## Goal of the exercise:
Please reproduce the entries below exactly from the line holding "Traktor типа Valtra" through the last line, both included, and omit any pictures.

## Records to process:
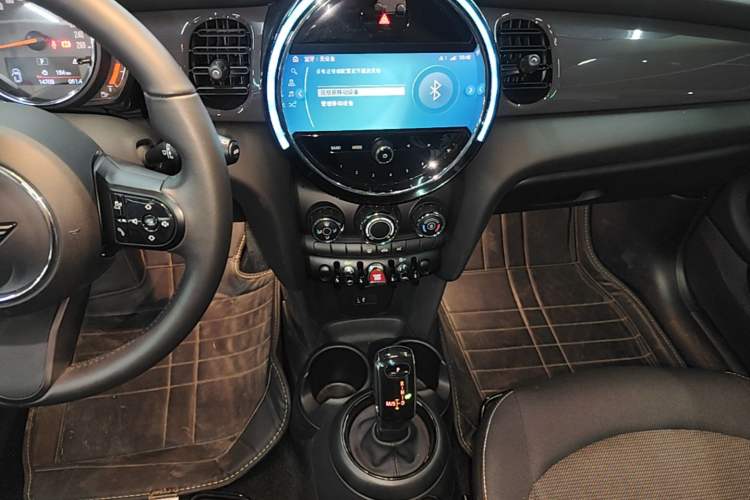 Used MINI 2023 1.5T ONE Gear Lever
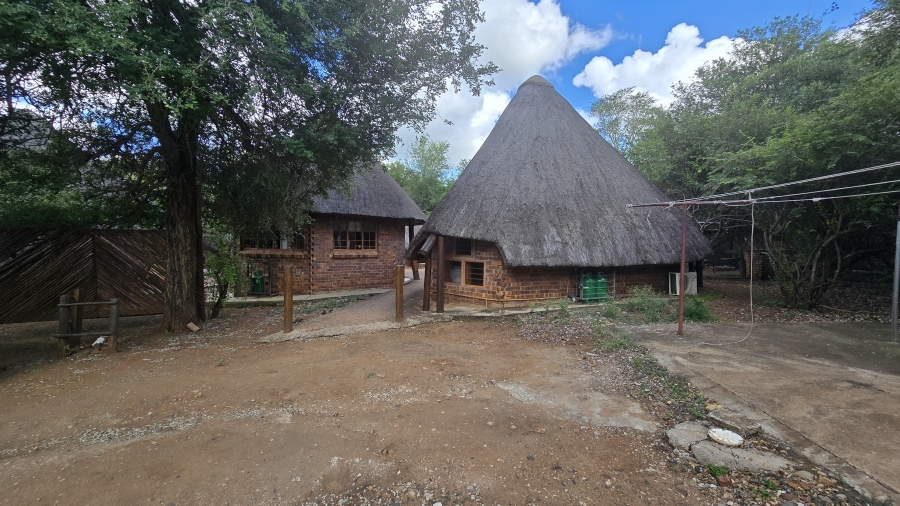 2 Bedroom Property for Sale in Marloth Park Mpumalanga
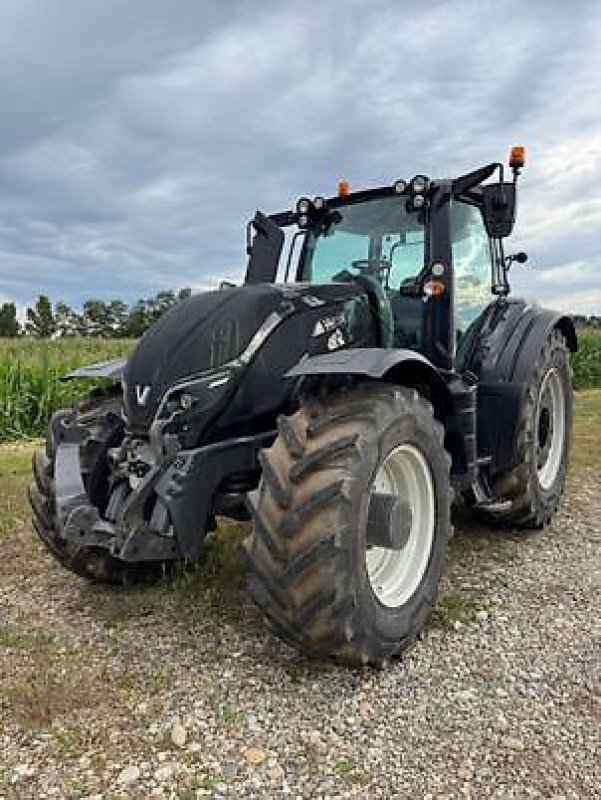 Traktor типа Valtra T254V, Gebrauchtmaschine в Sainte-Croix-en-Plaine (Фотография 1)
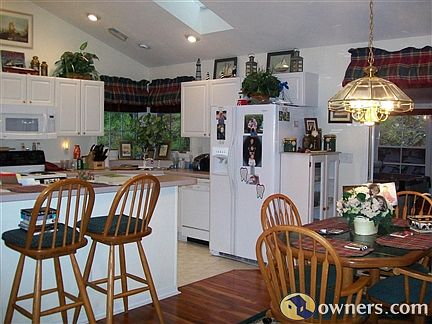 Kitchen dining room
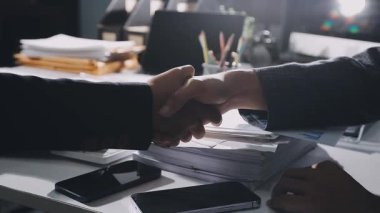 İş Adamları Tokalaşıyor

## Response to this task:
 Traktor типа Valtra T254V, Gebrauchtmaschine в Sainte-Croix-en-Plaine (Фотография 1)
 Kitchen dining room
 İş Adamları Tokalaşıyor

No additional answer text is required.